Sherrod’s Softball

Kathleen Sebelius, Secretary of the Department of Health and Human Services, was back on Capitol Hill today to testify about the Affordable Care Act and the troubled healthcare.gov website.  According to NBC News, was “grilled” by both Democrats and Republicans in the Senate Finance Committee.

Except, apparently, for Ohio Senator Sherrod Brown.  If the rest of the hearing was a grilling, Senator Brown must have been in charge of the backyard softball game.  NPR reports that Senator Brown asked Sebelius to talk about the law’s legacy:  “What are people going to say about the Affordable Care Act in five years and in 48 years?”

Huh?  The Secretary has presided over the most disastrous rollout of a federal program in living memory, the country is currently grappling with the fallout from that failure and other issues posed by the Act, and Senator Brown is channeling his inner Oprah and asking Secretary Sebelius to speculate about a legacy?

In fairness, these kinds of politicized questions aren’t unusual.  As the NPR story also reports, a Republican Senator used his entire allotment of time to make a critical speech, without asking Secretary Sebelius a single question.  What’s the point of having Cabinet officers testify if they aren’t asked questions?

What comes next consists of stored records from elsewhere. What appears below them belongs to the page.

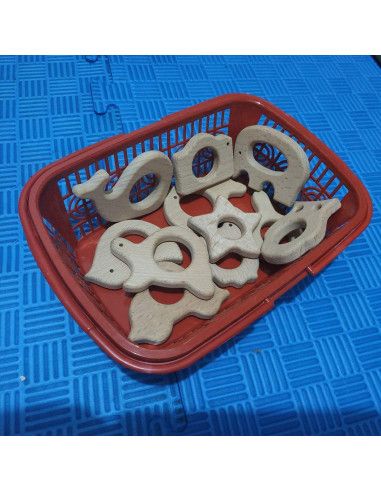 Juguete de Dentición de Madera Alenybeby 11 Piezas Orgánico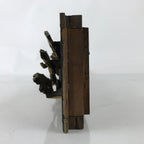 Antique Japanese Buddhist Altar Wood Lacquer Ranma Carved Cloud Deity Gold BA488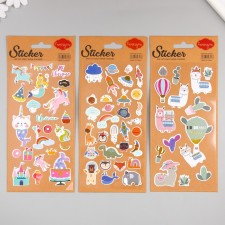 Stick Plastic Golden embossing 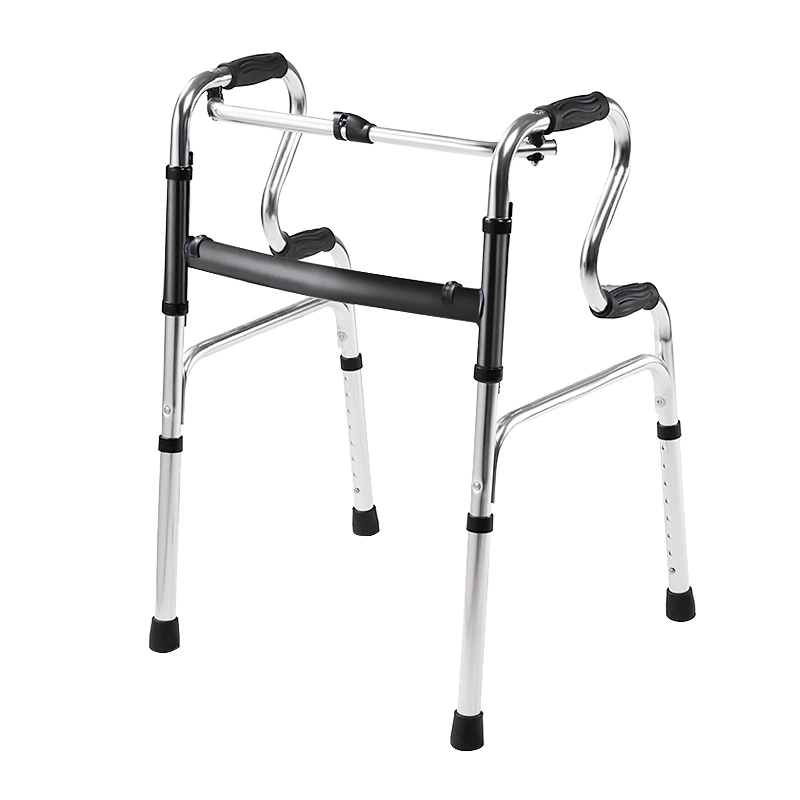 Folding Aluminum Walking Aids Oxidize Walker Height Adjustable Medical Products Stand Aids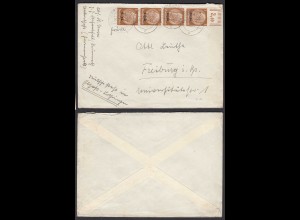 Deutsche Besetzung 2.WK Elsass Brief v.Strassburg 1940 mit Mi. 1 Mef. (28753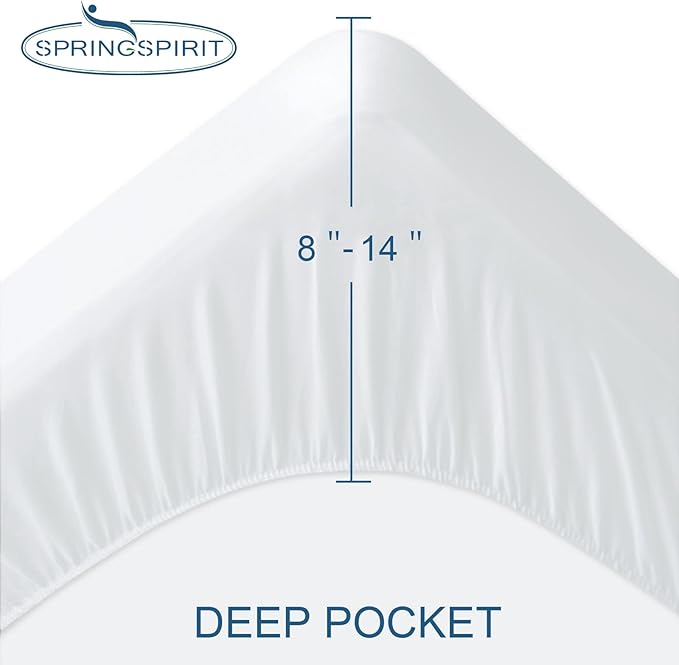 4 Pack Twin Mattress Protector Waterproof Premium Terry Twin Bed Sheets Fitted up to 14'' Ultra Soft and Breathable Mattress Topper Pad Cover Twin Machine Washbale
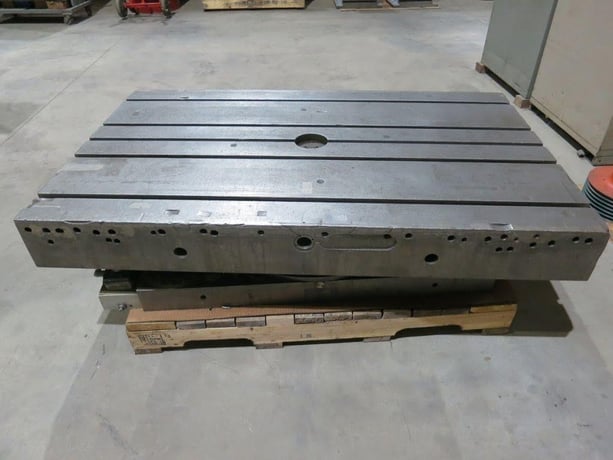 36" x 60" Giddings & Lewis, hydrostatic index table, 1972 - Image 4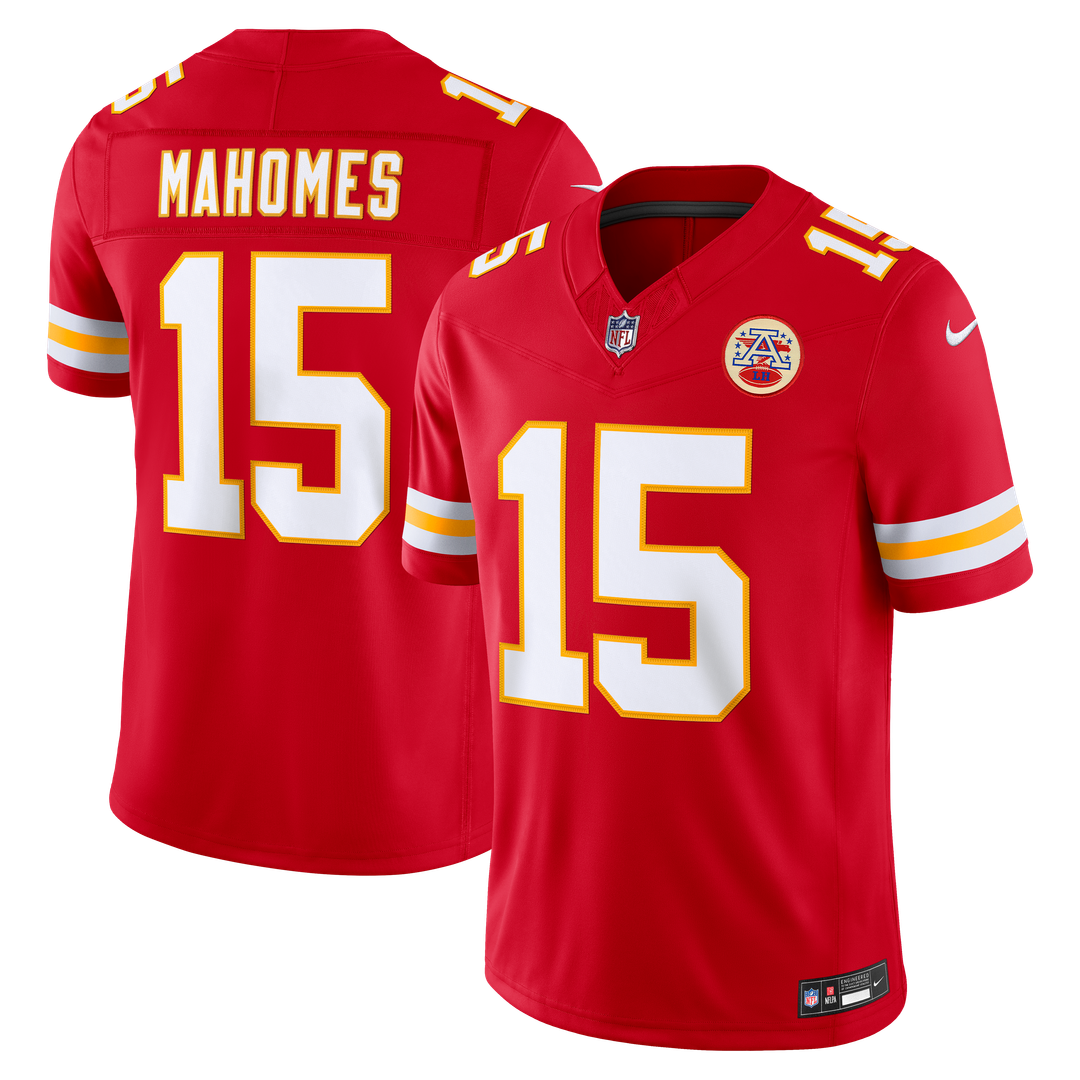 Patrick Mahomes Kansas City Chiefs Team Vapor F.U.S.E. Stitched Limited Jersey - Red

These partisan antics are the kinds of things that drive me nuts about Congress.  There are dozens of entirely legitimate questions to ask Secretary Sebelius about how this landmark statute is working, why the website wasn’t better designed, and other topics of great interest to Americans who are trying to understand why the rollout of “Obamacare” could be so mishandled and what they must do to comply with a complicated statute.  Can’t members of Congress lay aside their party affiliations and their desires to make speeches, even once in a while, actually ask questions that should be answered, and get answers that will help them to decide how we can move forward?

Some Explaining To Do

The House Energy and Commerce Committee has scheduled a hearing on Thursday on the federal government’s health exchange website.  They’ve asked Kathleen Sebelius, the Secretary of the Department of Health and Human Services, the agency that is principally responsible for the website, to testify.  Sebelius has declined, saying she is not available to testify.

It’s not clear to me why Sebelius has declined the request.  The CNN story linked above doesn’t say Sebelius has a conflict on her schedule.  Instead, the HHS spokesperson said:  “Given that the government was shut down until today, we were given a very short timeline to respond to this request.”  Does that mean that the Secretary of HHS needs more than a week to be prepared to answer questions about how the website is working?  If so, perhaps the problems with the website are even more extensive than has been reported.

I hope Sebelius’ response to the request doesn’t mean that the Obama Administration is going to stonewall providing meaningful information about the operations of all of the health exchanges and the status of the enrollment process, and I hope that Sebelius reconsiders her decision and decides to appear.  The websites are a crucial component of the Affordable Care Act, and the federal government has already spent hundreds of millions of dollars on them.  Taxpayers and citizens have a right to know how the system is performing.

In my view, it’s also in the interest of Sebelius and other administration officials to explain what is happening.  If there are problems, identify precisely what they are and describe what is being done to fix them and when the fixes will be completed.  If the enrollment process has some successes to its credit describe what those are.  No doubt friendly members of the House Energy and Commerce Committee will be happy to ask some questions designed to fully elicit the good news, just as diehard opponents of “Obamacare” will be asking tough questions.

As a matter of good government, we should all support requiring administrative officials to promptly testify when Congress calls.  We would all be better off if Congress exercised more oversight over our vast administrative state — from its surveillance programs, to its spending habits, to its error-plagued websites, and beyond — and regularly subjected agency heads to tough questioning about federal programs.  I can’t believe there is anything on Secretary Sebelius’ schedule right now that is more important than appearing before Congress and providing a credible explanation of what is happening with Healthcare.gov and the other health exchange websites.